# Fan Made TOWER OF TERROR Ride!



## MooreEnt24 (Jan 17, 2009)

In the Fall of 2005, my brother and I (avid fans of the Disney Twilight Zone Tower of Terror attraction) decided to re-create this ride in our garage!

The attraction has an actual, operating (and dropping) elevator that we built our selves.

I designed and edited the ride soundtrack, sets, and special effects.

Check it out and leave your comments in the forum below!

VIDEOS:
















Enjoy and Happy Haunting!


----------



## HalloweenRick (Nov 25, 2005)

Very Cool!


----------



## EMU (Dec 4, 2007)

that's great! very well set up


----------



## Tyler (Jul 17, 2008)

Wow!! Thats awesome!!!!!!!!!!


----------



## Sickie Ickie (Jun 20, 2006)

Was the elevator lifted on the pullies by motors or muscle?
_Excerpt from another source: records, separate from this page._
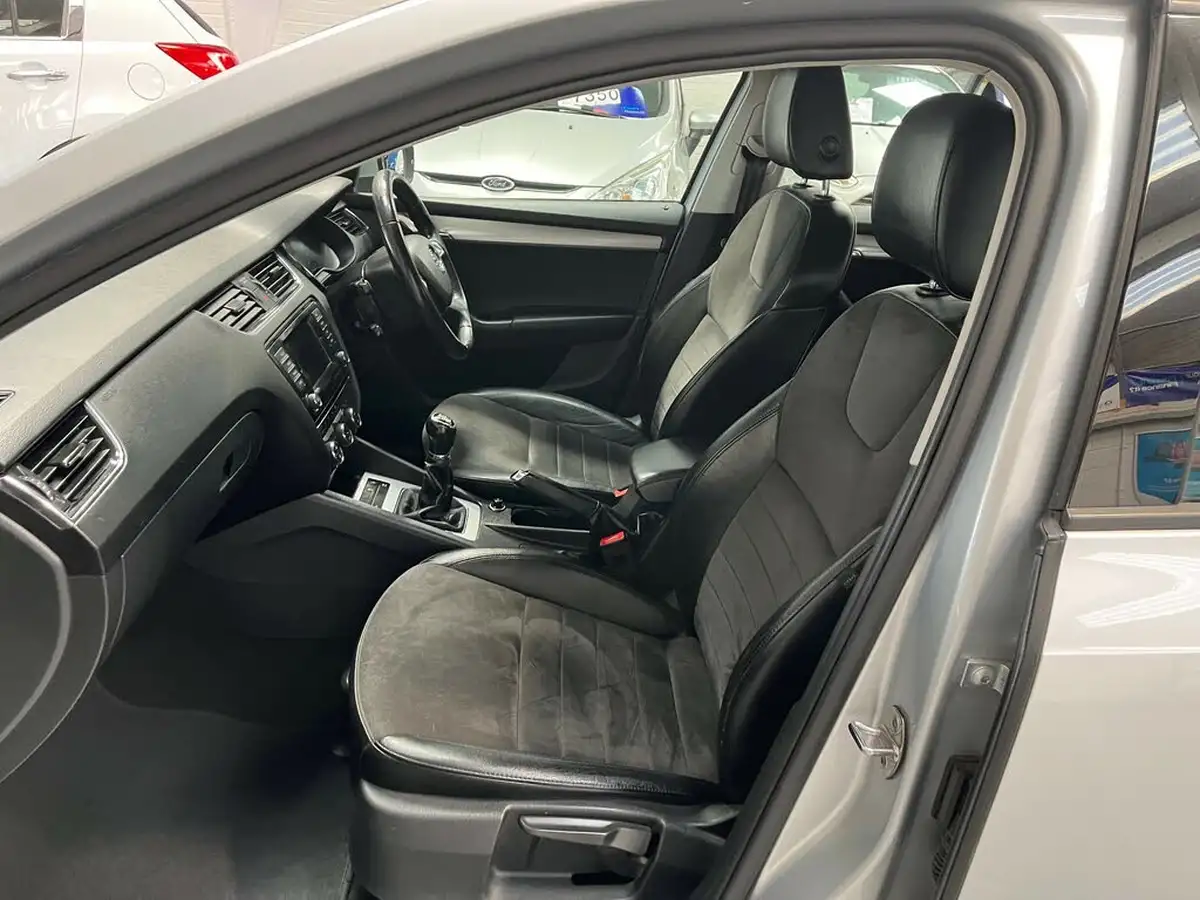 2015-skoda-octavia-20tdi-elegance-hatchback-big-20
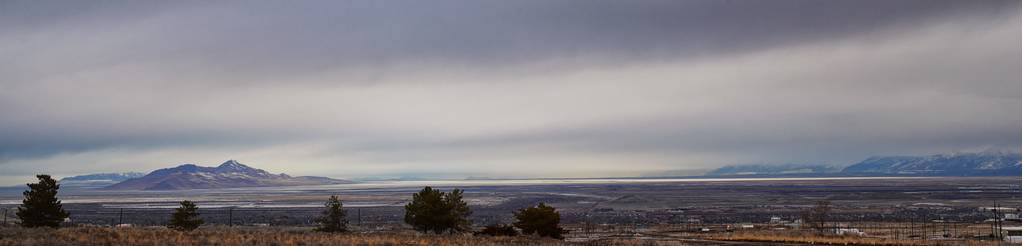 羚羊岛景观从马格纳扫云景观日出与伟大的盐湖州立公园在冬季。 美国犹他州。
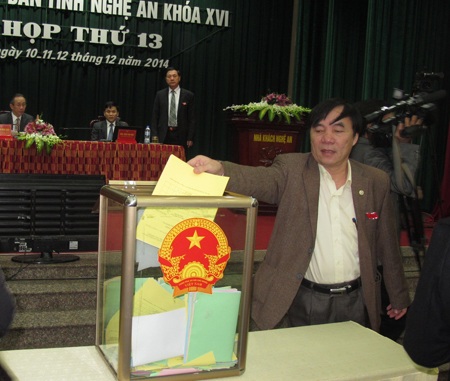 GĐ Sở Kế hoạch - Đầu tư Nghệ An nhận ít phiếu tín nhiệm cao nhất - 1 Các đại biểu tham gia bỏ phiếu tín nhiệm đối với 16 chức danh do HĐND tỉnh Nghệ An bầu.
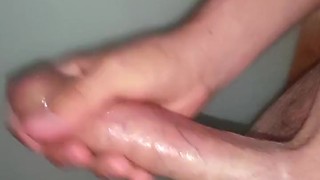 Mec se branle et éjacule #9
Nice job on the library vid and nice job with the ride! I wish I could have experienced it!


----------



## Terrormaster (Sep 27, 2007)

Definitely pretty cool and an awesome low-tech solution as well. The original is still one of my favorite rides at Disney.


----------



## lowdwnrob (Jul 2, 2008)

That is insane. Awesome job. Those kids seemed to love it.


----------



## MooreEnt24 (Jan 17, 2009)

Thanks guys!

The elevator was lifted by muscle...very low budget.


----------



## MooreEnt24 (Jan 17, 2009)

Just updated the links. I had to remove some audio/video to prevent copyright issues.


----------